Abstract
The invention described herein shows a high surface area anode. The high surface area anode contains a flat surface on one side and a ribbed surface on the opposite side. On the ribbed surface there is a first edge-lip on its first-end and a second edge-lip on its second-end. Both the first edge-lip and the second edge-lip run parallel to each other. The high surface area anode further contains a plurality of ribs and groves between the first edge-lip and the second edge-lip also running parallel to each other. The high surface area anode is manufactured using a continuous casting method that includes the following steps; dissolving the anode metal into the holding furnace shaping the anode metal using a high surface area graphite mold; solidifying the anode metal using a liquid while extruding the anode metal through the high surface area mold; solidifying the anode metal by using a secondary cooling source; and extracting the now solidified and shaped high surface anode metal.
Claims
1. A high surface area anode comprising, a. At least one flat surface and at least one ribbed surface on its short end; i. the ribbed surface further comprising at least one edge lip on the long end.
2. The high surface area anode, wherein a. the ribbed surface further comprises a plurality of ribs and groves.
3. The high surface area anode, wherein a. the at least one edge lip is larger in height and width than one of the ribs.
4. The high surface area anode, wherein a. the at least one edge lip contains more material by volume than one of the ribs.

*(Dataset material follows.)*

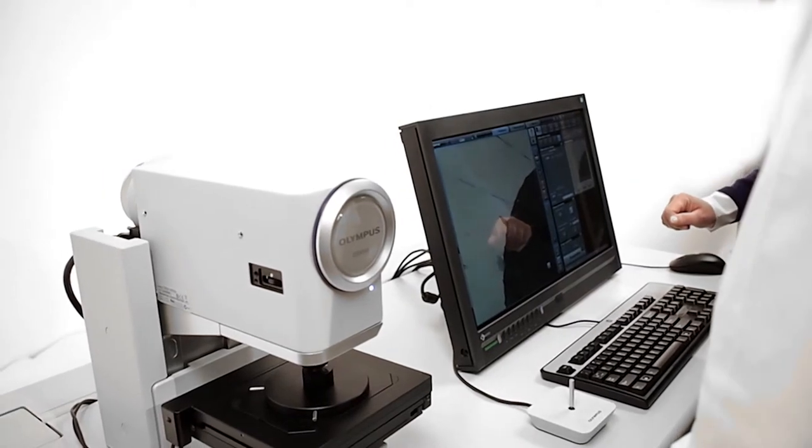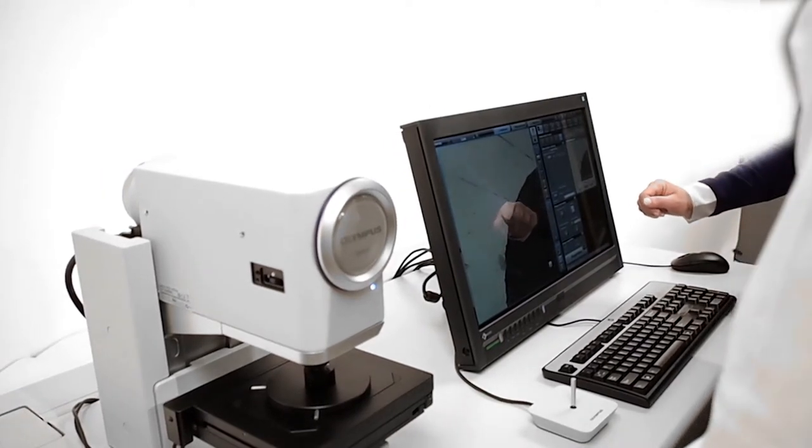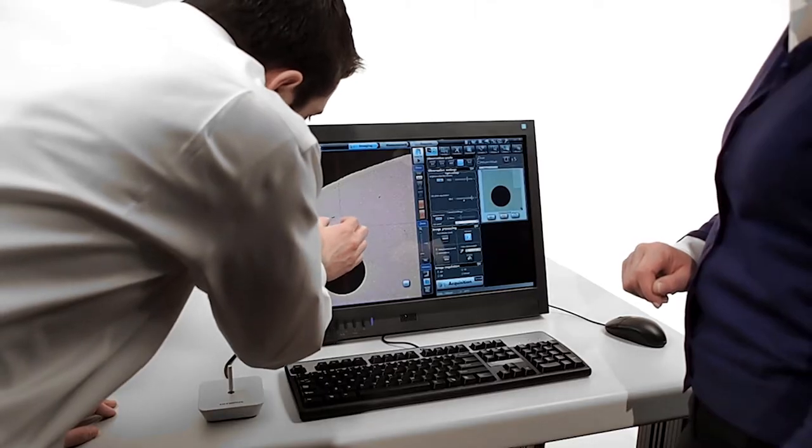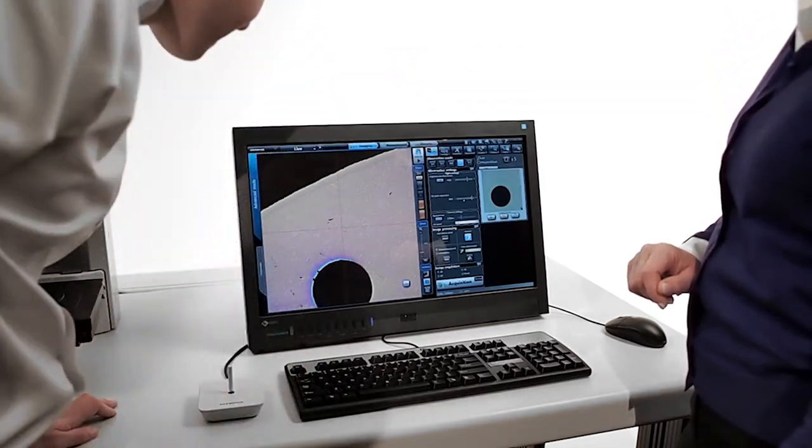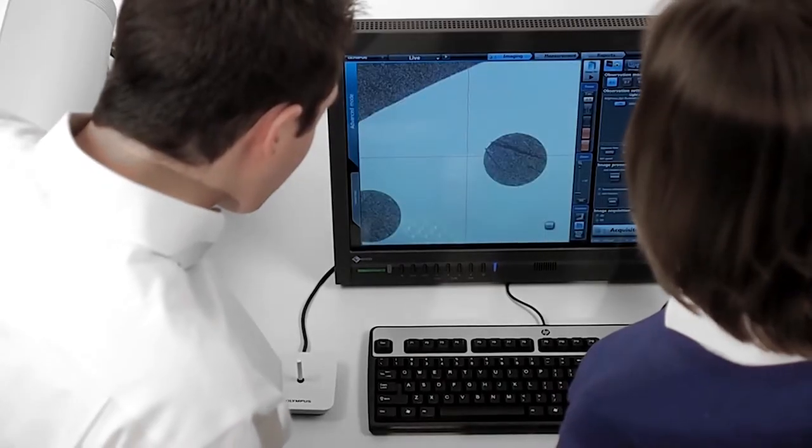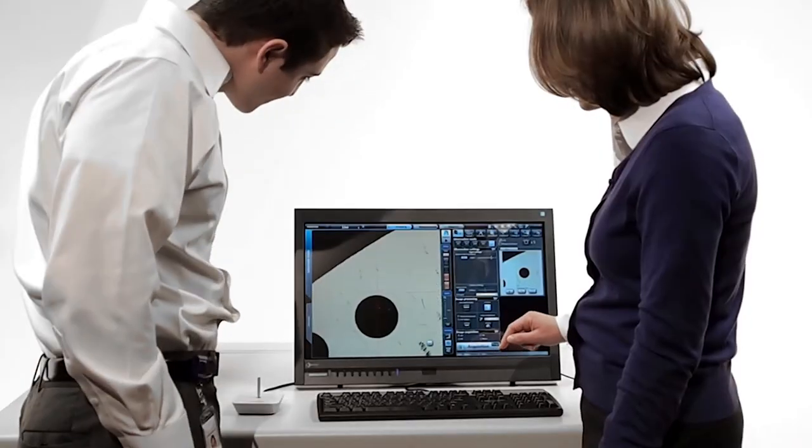Because DSX series instruments are so easy to use, multiple users from the occasional user to the in-house expert can achieve the same consistent, reliable results every time.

5. The high surface area anode, wherein a. the plurality of ribs and groves define the width of the high surface area anode.
6. A high surface area anode comprising, a. a flat surface on one side and a ribbed surface on its opposite side; i. the ribbed surface further comprising a first edge lip on its first end and a second edge lip on its second end opposite and parallel from each other.
7. The high surface area anode, wherein a. the ribbed surface further comprises a plurality of ribs and groves.
8. The high surface area anode, wherein a. the first edge lip and second edge lip are larger in height and with than one of the ribs.
9. The high surface area anode, wherein a. the first edge lip and second edge lip contain more material by volume than one of the ribs.
10. The high surface area anode, wherein a. the first edge lip and second edge lip contain more material by volume than the plurality of ribs.
11. The high surface area anode, wherein a. the plurality of ribs and groves define the width of the high surface area anode.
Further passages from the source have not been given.